_WHAT YOU ARE ASKED TO DO_. Print the data once more, exactly as given. Drop the pictures.

_RECORDED INFORMATION_.
##########
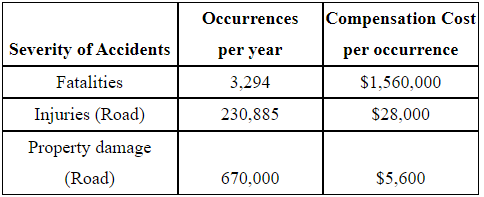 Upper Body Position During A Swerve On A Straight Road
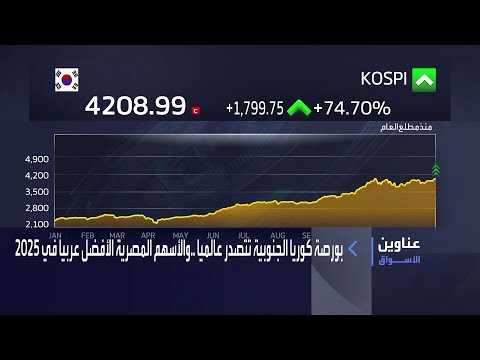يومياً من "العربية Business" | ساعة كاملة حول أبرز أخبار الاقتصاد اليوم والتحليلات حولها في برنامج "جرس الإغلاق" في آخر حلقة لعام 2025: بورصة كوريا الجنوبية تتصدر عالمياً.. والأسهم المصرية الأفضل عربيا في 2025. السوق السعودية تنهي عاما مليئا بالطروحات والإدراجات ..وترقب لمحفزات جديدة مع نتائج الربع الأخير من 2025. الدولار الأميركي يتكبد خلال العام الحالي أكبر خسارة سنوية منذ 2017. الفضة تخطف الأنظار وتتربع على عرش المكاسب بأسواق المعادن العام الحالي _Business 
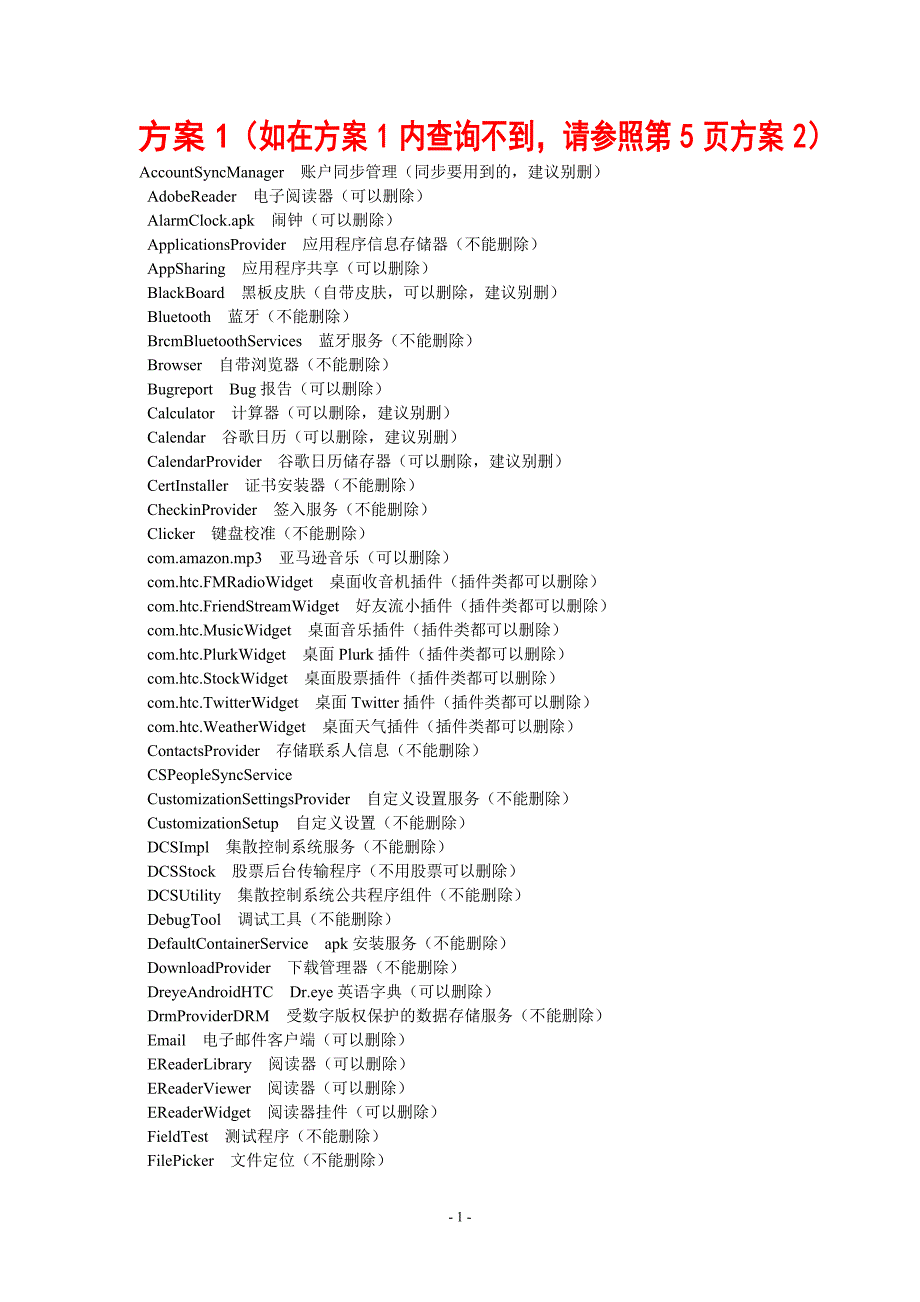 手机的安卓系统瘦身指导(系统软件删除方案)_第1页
##########
_OUTPUT BELOW_.
 Upper Body Position During A Swerve On A Straight Road
يومياً من "العربية Business" | ساعة كاملة حول أبرز أخبار الاقتصاد اليوم والتحليلات حولها في برنامج "جرس الإغلاق" في آخر حلقة لعام 2025: بورصة كوريا الجنوبية تتصدر عالمياً.. والأسهم المصرية الأفضل عربيا في 2025. السوق السعودية تنهي عاما مليئا بالطروحات والإدراجات ..وترقب لمحفزات جديدة مع نتائج الربع الأخير من 2025. الدولار الأميركي يتكبد خلال العام الحالي أكبر خسارة سنوية منذ 2017. الفضة تخطف الأنظار وتتربع على عرش المكاسب بأسواق المعادن العام الحالي _Business 
 手机的安卓系统瘦身指导(系统软件删除方案)_第1页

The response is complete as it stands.